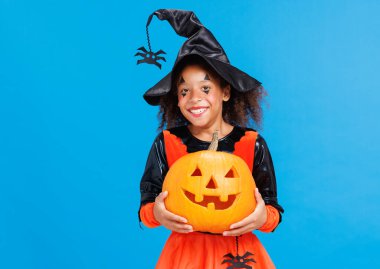 Balkabağı kostümü giymiş neşeli Afro-Amerikalı kız Cadılar Bayramı 'nı kutluyor ve parlak mavi arka planda gülüyor.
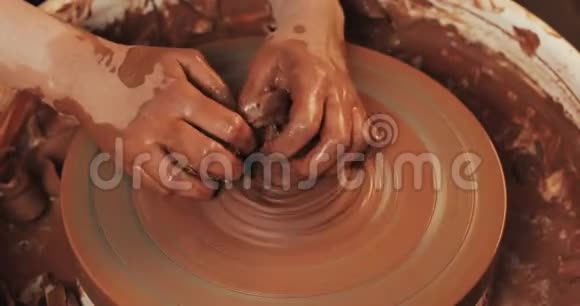 手在陶轮上工作在粘土板上形成浮雕波特在工作关门手工制作工艺红色粘土视频的预览图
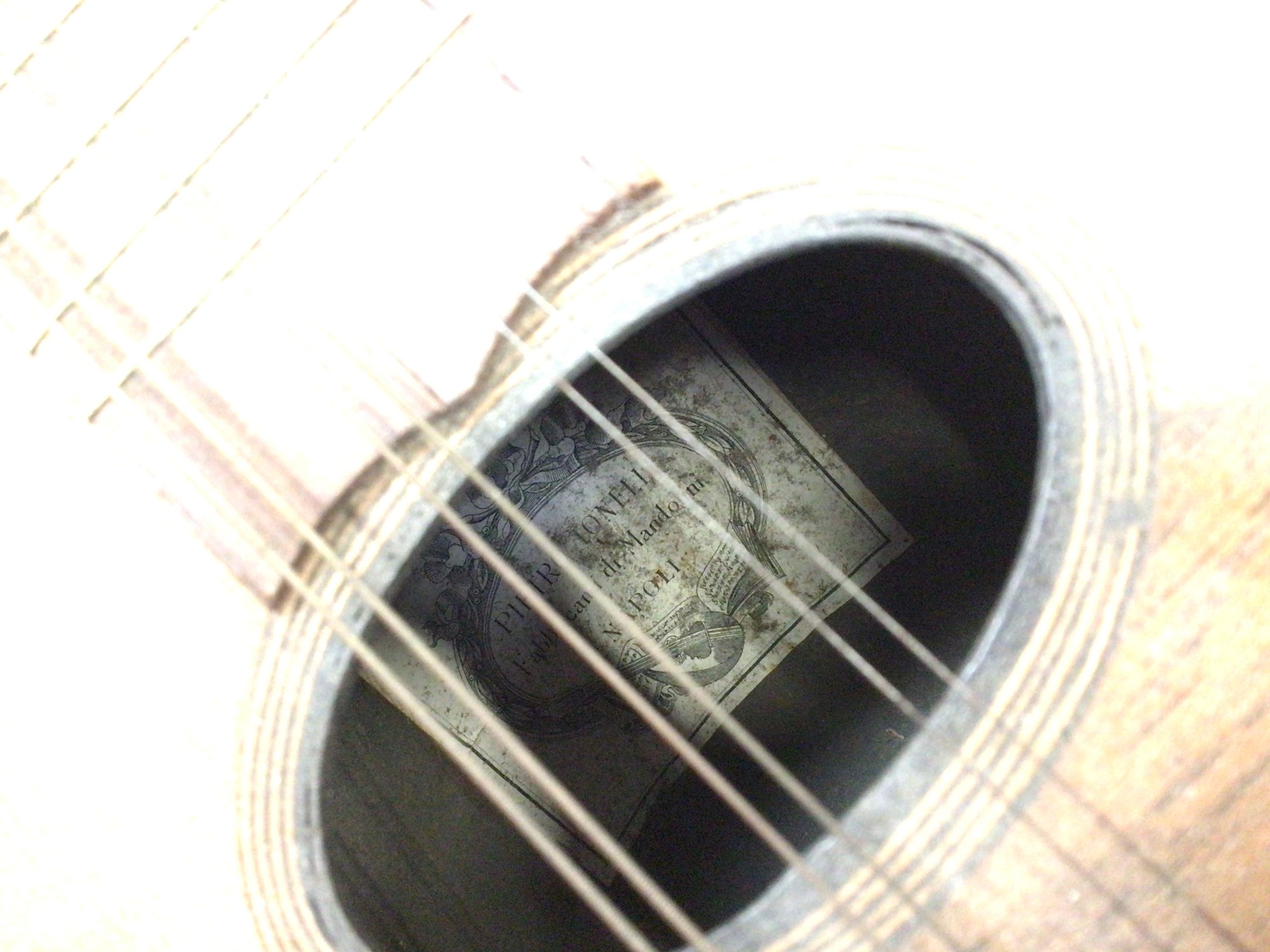 Lot 27 - Old Mandolin with paper label to interior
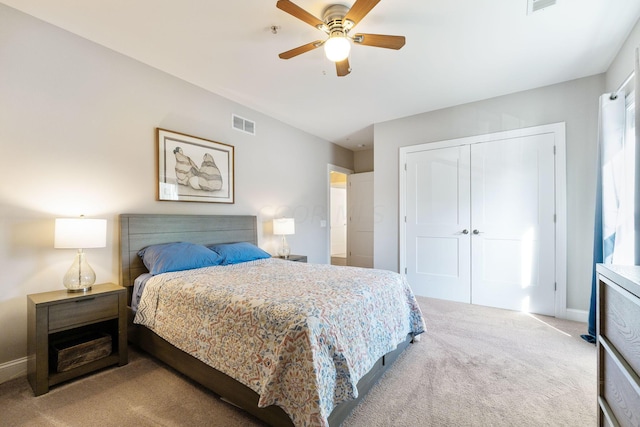 carpeted bedroom featuring ceiling fan and a closet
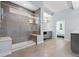 Modern bathroom showcasing a spacious glass shower, sleek tiling, and contemporary design elements at 11645 Colony Loop, Parker, CO 80138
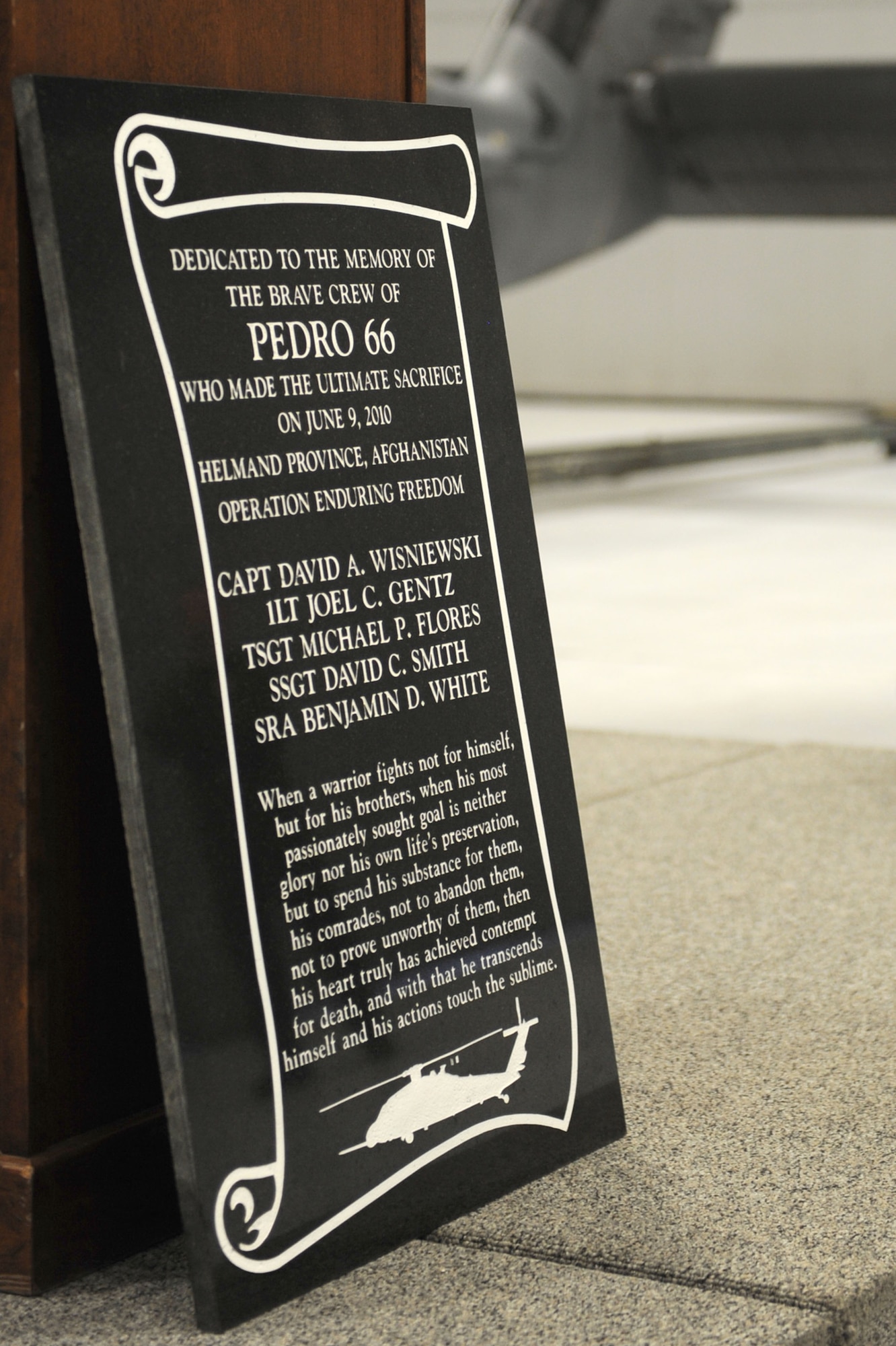 A plaque dedicated to the fallen crewmembers of an HH-60 Pave Hawk helicopter, call sign Pedro 66, was unveiled June 9, 2011, during a memorial ceremony at Nellis Air Force Base, Nev. The helicopter crashed in southwest Afghanistan June 9, 2010, during a rescue mission supporting Operation Enduring Freedom, killing five of the crew and critically injuring two. (U.S. Air Force photo/Staff Sgt. Taylor Worley)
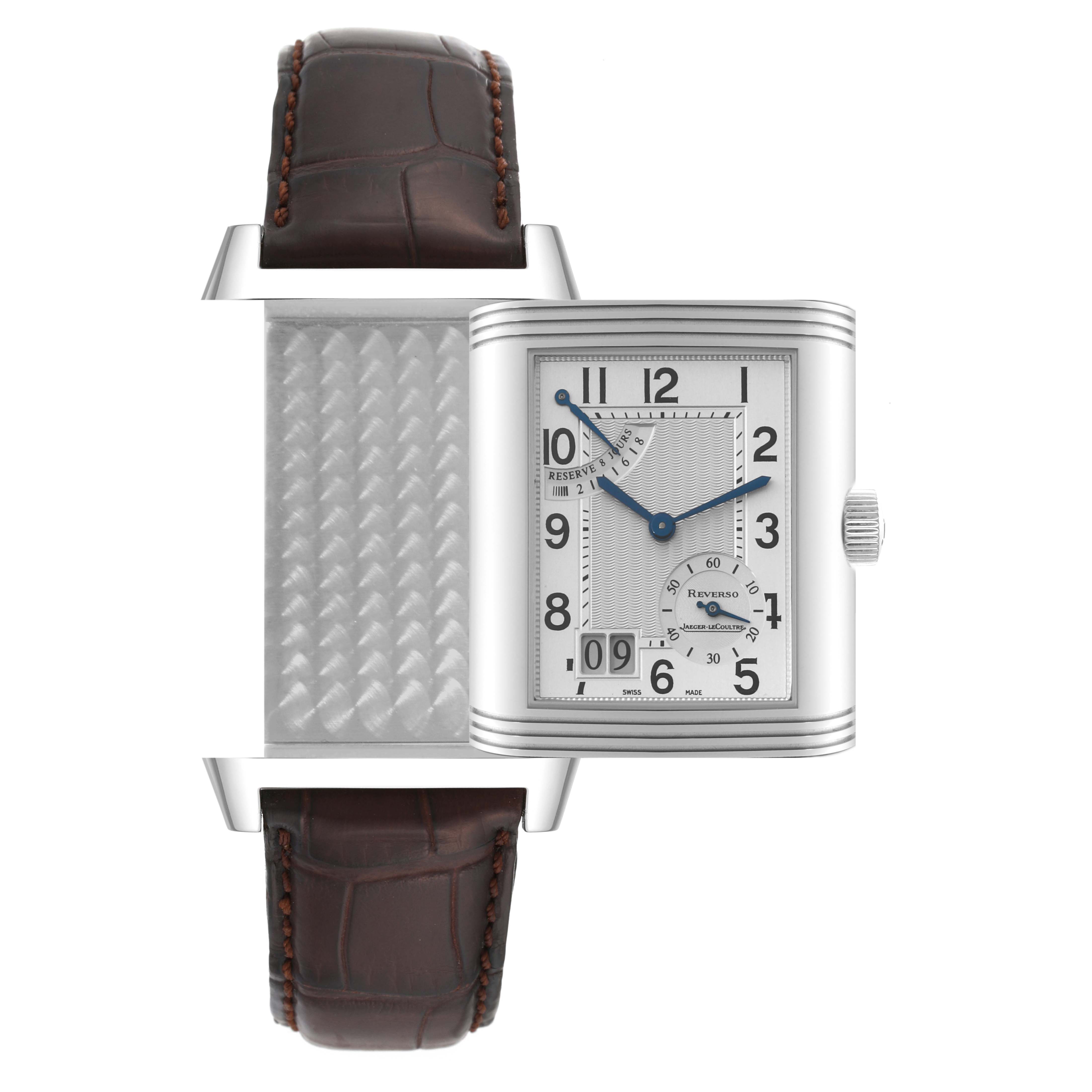 The image shows a Jaeger-LeCoultre Reverso watch in mid-rotation, displaying both the dial and the back panel with the strap.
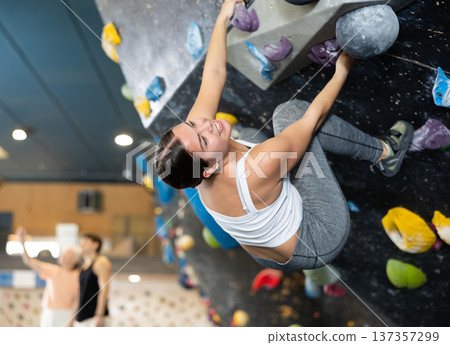 Female fitness climber training at bouldering gym. Young woman rise up on artificial climbing wall Female fitness climber training at bouldering gym. Young woman rise up on artificial climbing wall 137357299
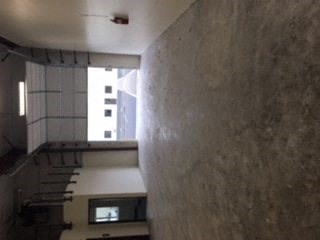 an empty room with a window and a staircase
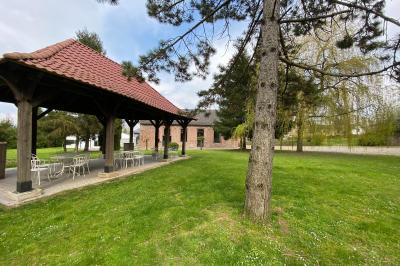 Miniature Le kiosque, bas du domaine, La Gentilhommière Un vélo ancien posé près de caisses en bois et d'objets décoratifs dans un jardin verdoyant.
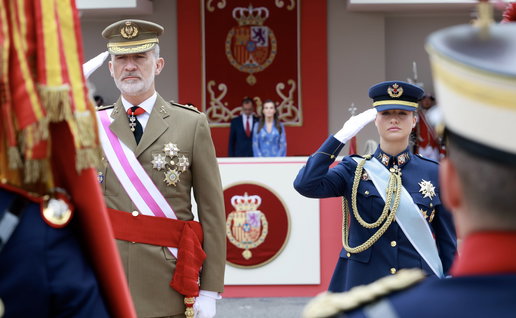The king and princess of Spain dressed in military attire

_What to produce_
Set down every record once more, word for word, without pictures.

_Exercise result_
 Balkabağı kostümü giymiş neşeli Afro-Amerikalı kız Cadılar Bayramı 'nı kutluyor ve parlak mavi arka planda gülüyor.
 手在陶轮上工作在粘土板上形成浮雕波特在工作关门手工制作工艺红色粘土视频的预览图
 Lot 27 - Old Mandolin with paper label to interior
 carpeted bedroom featuring ceiling fan and a closet
 Modern bathroom showcasing a spacious glass shower, sleek tiling, and contemporary design elements at 11645 Colony Loop, Parker, CO 80138
 A plaque dedicated to the fallen crewmembers of an HH-60 Pave Hawk helicopter, call sign Pedro 66, was unveiled June 9, 2011, during a memorial ceremony at Nellis Air Force Base, Nev. The helicopter crashed in southwest Afghanistan June 9, 2010, during a rescue mission supporting Operation Enduring Freedom, killing five of the crew and critically injuring two. (U.S. Air Force photo/Staff Sgt. Taylor Worley)
 The image shows a Jaeger-LeCoultre Reverso watch in mid-rotation, displaying both the dial and the back panel with the strap.
 Female fitness climber training at bouldering gym. Young woman rise up on artificial climbing wall Female fitness climber training at bouldering gym. Young woman rise up on artificial climbing wall 137357299
 an empty room with a window and a staircase
 Miniature Le kiosque, bas du domaine, La Gentilhommière Un vélo ancien posé près de caisses en bois et d'objets décoratifs dans un jardin verdoyant.
The king and princess of Spain dressed in military attire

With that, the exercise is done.